- Toni Morrison, a minha escritora preferida de todo o sempre, diz que ficou deprimida após a morte do pai, e que isso não foi uma coisa má; foi apenas um período de recolha, de para olhar para dentro e fechar-se em si, de não-atividade. Deprimir, para ela, acabava por ser necessário e natural.
- Os culpossauros, ao deprimirem, pensam: qual é o motivo EXATO para deprimir? Não tenho tudo? Uma família linda, saúde, dinheiro no banco? Pensa nas pessoas que não têm nada disso. Não há motivo para deprimir, vamos lá criar um plano de ataque altamente eficaz e pô-lo em execução amanhã mesmo, sem falhas. Claro que, por estarem deprimidos (versão Toni Morrison), não fazem nada disso no dia seguinte, adicionando mais uma camada de culpa ao caparro do espécime.

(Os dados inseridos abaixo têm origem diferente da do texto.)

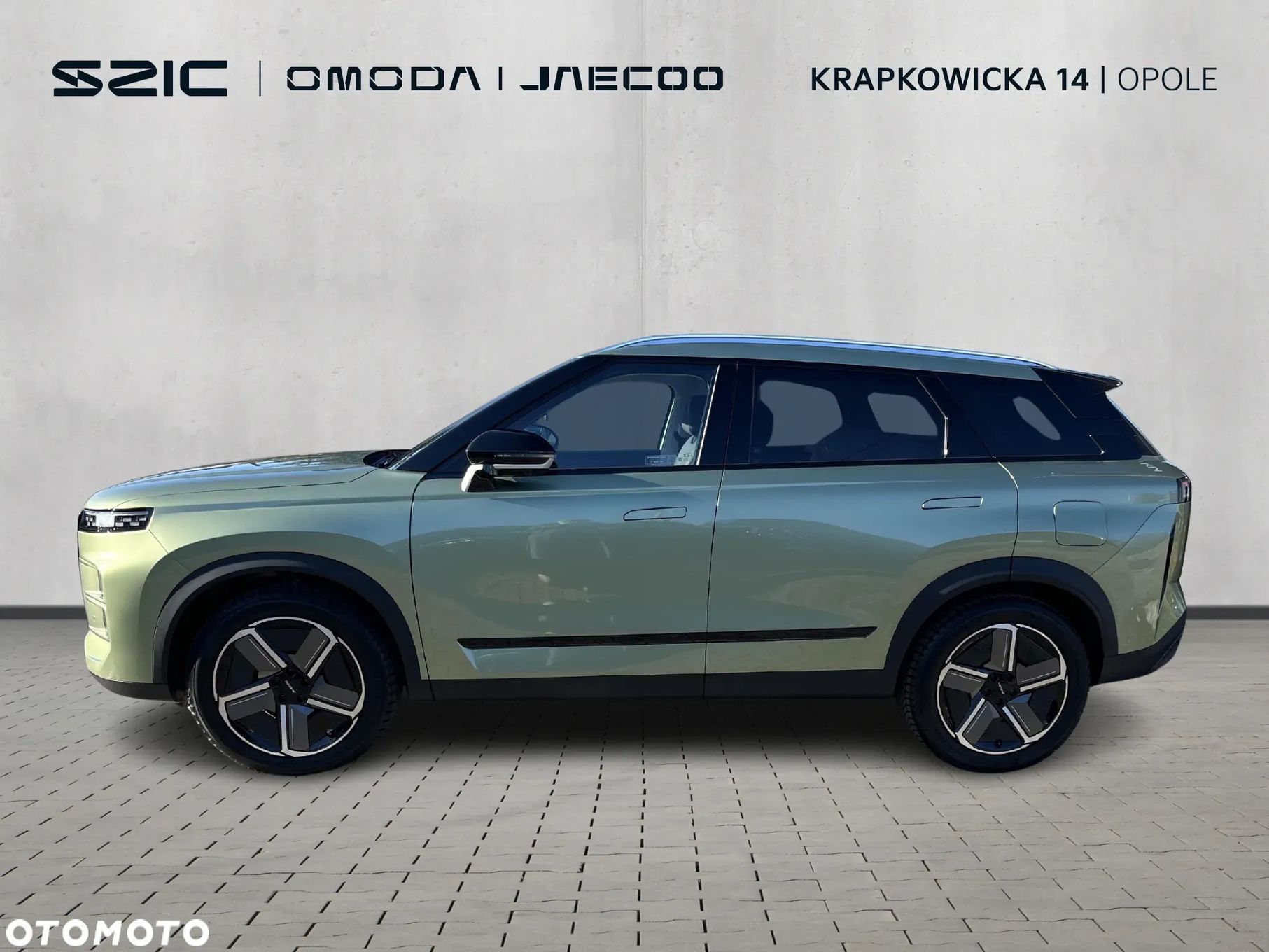 Jaecoo 7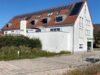 Große helle Wohnung mit toller Dachterrasse, bezugsfrei - Hausansicht Dachterrasse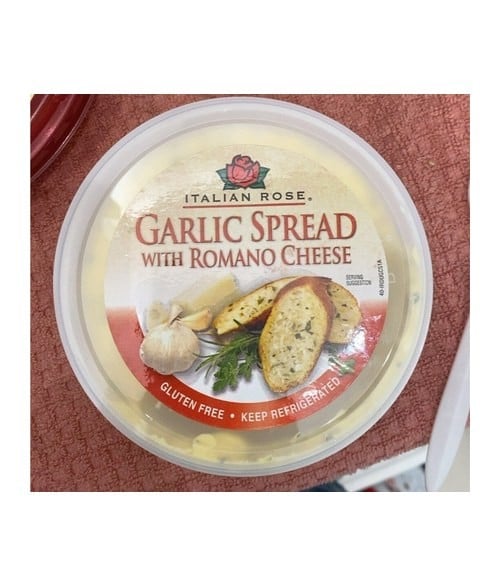 Garlic Spread 7 OZ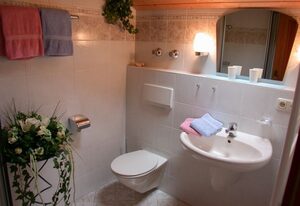 Fendtenlehen Ferienwohnungen – Ferienwohnung Königssee,  1-2 Personen, 56 qm, Balkon, 1 Schlafzimmer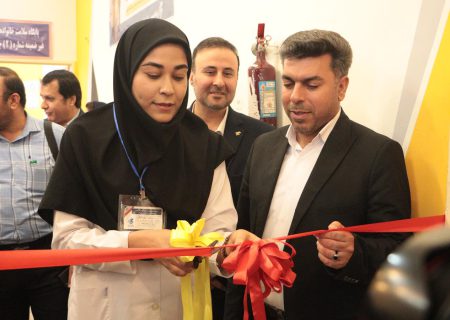 تصاویر اختصاصی افتتاح دو پایگاه سلامت خانواده در شهر برازجان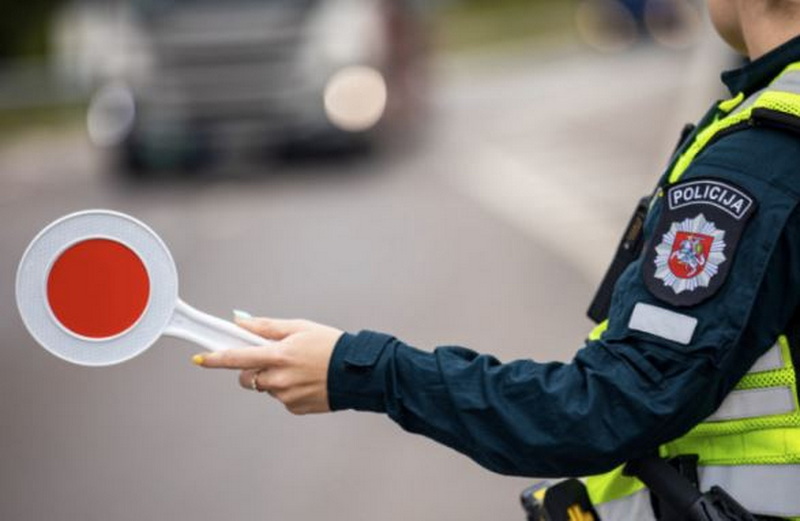  Sausio 23-24 d. policijos suvestinėje – neblaivus vairuotojas Merkinėje ir galimai narkotinių medžiagų maišeliai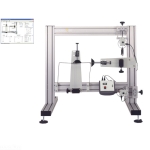Portal Frame Apparatus with Data Acquisition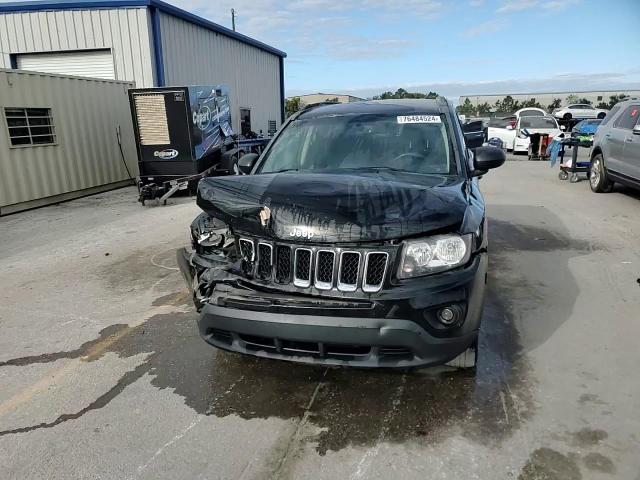 2014 Jeep Compass Sport VIN: 1C4NJCBB0ED537941 Lot: 76484524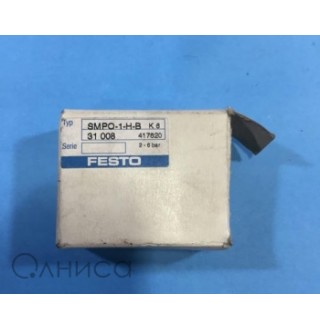 SMPO-1-H-B APPROACH SWITCH Festo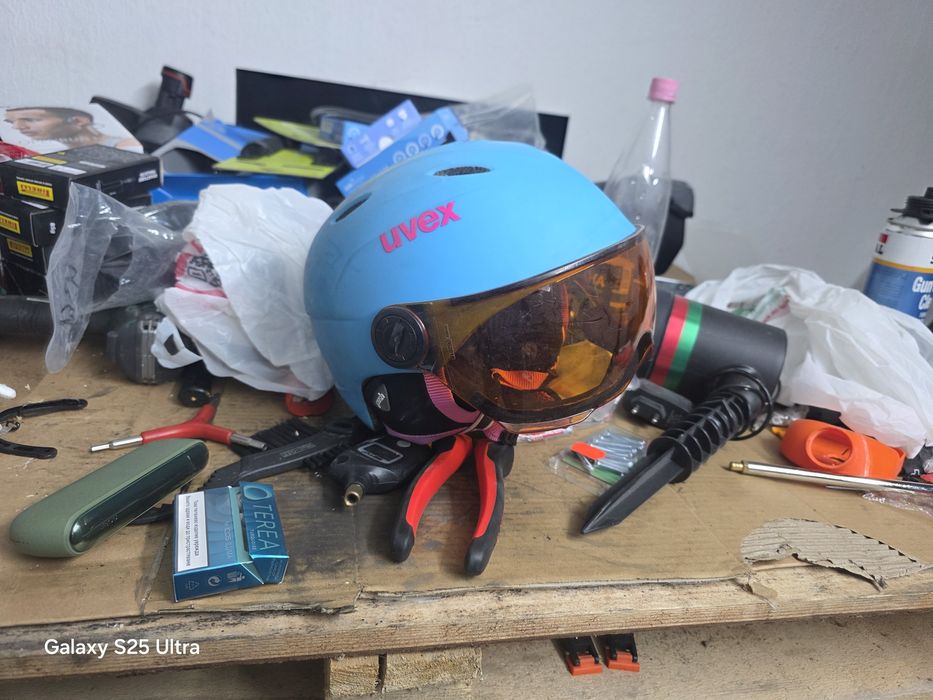 Детски ски каски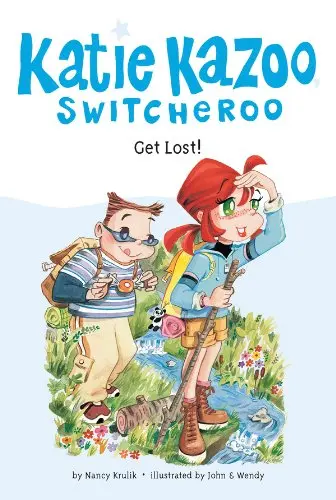 Cover of Get Lost! #6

- Culpossauros extremamente eficazes têm pequenas boias de salvação: canções específicas, imagens da infância, imagens de filmes e livros (em que livro é que, uma vez por ano, se abria a casa e lavava-se tudo, baldes e baldes de água pelo chão a levar o pó todo para fora? A Casa dos Espíritos, será?), ou filmes inteiros. Coisas que os ajude a chegar à hora seguinte ainda com algum grau de eficácia.
- Aniversário da morte da mamãe? Crise genérica? Um ataque de solidão súbito, umas saudades sei lá bem de quê? Uma inquietação pelo que não sei ainda, ou como é que diz a canção? Disse ontem, ao meu irmão, pela primeira vez: acho que estou deprimida há algum tempo e não consigo aceitar isso. E ele: pede ajuda, partilha. Eu odeio ajuda e odeio partilhar negrume, a menos que seja completamente em público aqui no blog (e com um certo grau de anonimato). Quanto maior a necessidade de recolha, maior a minha procura por exteriorizações, porque, né, tenho tudo para estar feliz.
- Isto não é um pedido de ajuda, isto já é a ajuda. :)
- Se tenho um amigo deprimido (versão Toni Morrison), corro a sacudi-lo do banzo, vamos sair, vamos beber, vamos distrair. E se o melhor for o contrário? Vai para casa, dorme mais cedo. Amanhã, quem sabe?
- Temos, todos, culpossauros e outras espécies, que aprender a conviver melhor com o mal estar. Fugimos do mal estar como o diabo da cruz, como se ele nos fosse matar. É disso que tento lembra-me ao desenhar planos infalíveis para não deprimir: que tenho de aprender a sentir-me mal. Como não aprendo, adiciono mais uma camada de culpa ao caparro do espécime.